Task statement >>
Could you reproduce, word for word, everything below from the line containing "Quarto do B2" down to the line containing "455 Mountain Road", with both of those lines included and no others?

Data for processing >>
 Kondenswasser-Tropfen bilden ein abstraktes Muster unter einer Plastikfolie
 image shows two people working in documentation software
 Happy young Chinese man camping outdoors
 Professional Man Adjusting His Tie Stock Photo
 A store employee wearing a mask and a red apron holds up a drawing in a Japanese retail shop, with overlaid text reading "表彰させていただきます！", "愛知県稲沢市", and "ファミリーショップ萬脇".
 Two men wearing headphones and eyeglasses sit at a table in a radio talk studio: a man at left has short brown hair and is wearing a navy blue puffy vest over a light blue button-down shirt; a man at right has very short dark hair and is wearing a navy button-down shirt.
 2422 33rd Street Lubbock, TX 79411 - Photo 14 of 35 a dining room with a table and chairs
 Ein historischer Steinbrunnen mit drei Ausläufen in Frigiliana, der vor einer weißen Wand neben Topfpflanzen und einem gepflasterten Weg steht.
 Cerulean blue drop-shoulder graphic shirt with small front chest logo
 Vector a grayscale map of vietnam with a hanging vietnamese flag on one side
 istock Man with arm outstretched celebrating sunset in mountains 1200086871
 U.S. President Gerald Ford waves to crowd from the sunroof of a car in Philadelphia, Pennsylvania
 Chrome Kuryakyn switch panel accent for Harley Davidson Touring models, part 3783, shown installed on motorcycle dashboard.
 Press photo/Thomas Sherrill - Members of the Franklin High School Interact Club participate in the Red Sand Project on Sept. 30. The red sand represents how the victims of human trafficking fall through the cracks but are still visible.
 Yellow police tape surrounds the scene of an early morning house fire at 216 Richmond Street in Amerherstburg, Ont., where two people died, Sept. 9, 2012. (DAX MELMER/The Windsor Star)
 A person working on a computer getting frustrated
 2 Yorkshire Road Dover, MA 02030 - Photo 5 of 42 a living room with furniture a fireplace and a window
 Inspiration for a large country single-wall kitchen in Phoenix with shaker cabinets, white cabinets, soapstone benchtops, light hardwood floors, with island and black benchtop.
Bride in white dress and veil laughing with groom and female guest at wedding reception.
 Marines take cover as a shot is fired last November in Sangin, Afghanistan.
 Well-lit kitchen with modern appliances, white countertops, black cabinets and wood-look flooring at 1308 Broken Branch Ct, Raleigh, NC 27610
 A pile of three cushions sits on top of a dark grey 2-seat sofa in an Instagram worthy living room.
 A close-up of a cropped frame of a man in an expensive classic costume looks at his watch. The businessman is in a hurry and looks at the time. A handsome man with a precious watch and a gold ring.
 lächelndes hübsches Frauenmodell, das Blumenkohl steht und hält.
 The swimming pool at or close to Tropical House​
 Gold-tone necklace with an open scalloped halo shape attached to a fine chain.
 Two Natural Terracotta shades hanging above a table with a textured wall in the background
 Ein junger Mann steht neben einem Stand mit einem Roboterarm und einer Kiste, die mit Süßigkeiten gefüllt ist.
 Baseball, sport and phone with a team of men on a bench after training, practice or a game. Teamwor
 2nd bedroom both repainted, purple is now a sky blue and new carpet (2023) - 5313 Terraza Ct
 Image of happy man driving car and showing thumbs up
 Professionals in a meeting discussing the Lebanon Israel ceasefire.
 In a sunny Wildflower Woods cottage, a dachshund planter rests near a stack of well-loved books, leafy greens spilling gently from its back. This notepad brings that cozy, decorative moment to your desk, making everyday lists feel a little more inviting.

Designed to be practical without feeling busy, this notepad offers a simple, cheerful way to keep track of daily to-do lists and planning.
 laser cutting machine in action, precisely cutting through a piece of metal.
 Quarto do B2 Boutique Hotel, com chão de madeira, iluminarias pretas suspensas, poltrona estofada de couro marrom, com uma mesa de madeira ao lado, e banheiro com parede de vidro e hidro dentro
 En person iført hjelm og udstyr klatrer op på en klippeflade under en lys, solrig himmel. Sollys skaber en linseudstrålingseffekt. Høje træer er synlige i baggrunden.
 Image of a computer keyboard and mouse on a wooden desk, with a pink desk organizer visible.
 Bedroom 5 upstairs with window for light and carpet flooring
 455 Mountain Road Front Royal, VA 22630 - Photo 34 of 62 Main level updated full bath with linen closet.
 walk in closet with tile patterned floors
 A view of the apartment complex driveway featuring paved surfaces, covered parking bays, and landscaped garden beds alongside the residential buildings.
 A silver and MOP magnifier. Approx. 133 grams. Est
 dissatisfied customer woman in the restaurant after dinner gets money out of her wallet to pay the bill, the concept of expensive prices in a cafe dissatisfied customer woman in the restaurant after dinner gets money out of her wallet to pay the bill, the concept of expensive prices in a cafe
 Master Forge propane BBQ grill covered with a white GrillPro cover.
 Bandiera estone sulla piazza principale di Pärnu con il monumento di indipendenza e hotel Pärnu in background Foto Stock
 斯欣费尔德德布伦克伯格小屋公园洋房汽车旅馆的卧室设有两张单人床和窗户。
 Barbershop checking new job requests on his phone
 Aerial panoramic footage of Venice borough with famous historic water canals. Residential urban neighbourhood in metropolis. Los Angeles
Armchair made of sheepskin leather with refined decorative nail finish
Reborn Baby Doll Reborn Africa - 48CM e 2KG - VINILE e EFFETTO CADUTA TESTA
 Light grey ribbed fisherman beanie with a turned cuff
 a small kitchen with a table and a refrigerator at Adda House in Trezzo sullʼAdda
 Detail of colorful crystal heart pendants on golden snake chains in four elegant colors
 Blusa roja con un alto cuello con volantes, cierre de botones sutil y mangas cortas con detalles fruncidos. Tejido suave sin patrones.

Response to this exercise >>
 Quarto do B2 Boutique Hotel, com chão de madeira, iluminarias pretas suspensas, poltrona estofada de couro marrom, com uma mesa de madeira ao lado, e banheiro com parede de vidro e hidro dentro
 En person iført hjelm og udstyr klatrer op på en klippeflade under en lys, solrig himmel. Sollys skaber en linseudstrålingseffekt. Høje træer er synlige i baggrunden.
 Image of a computer keyboard and mouse on a wooden desk, with a pink desk organizer visible.
 Bedroom 5 upstairs with window for light and carpet flooring
 455 Mountain Road Front Royal, VA 22630 - Photo 34 of 62 Main level updated full bath with linen closet.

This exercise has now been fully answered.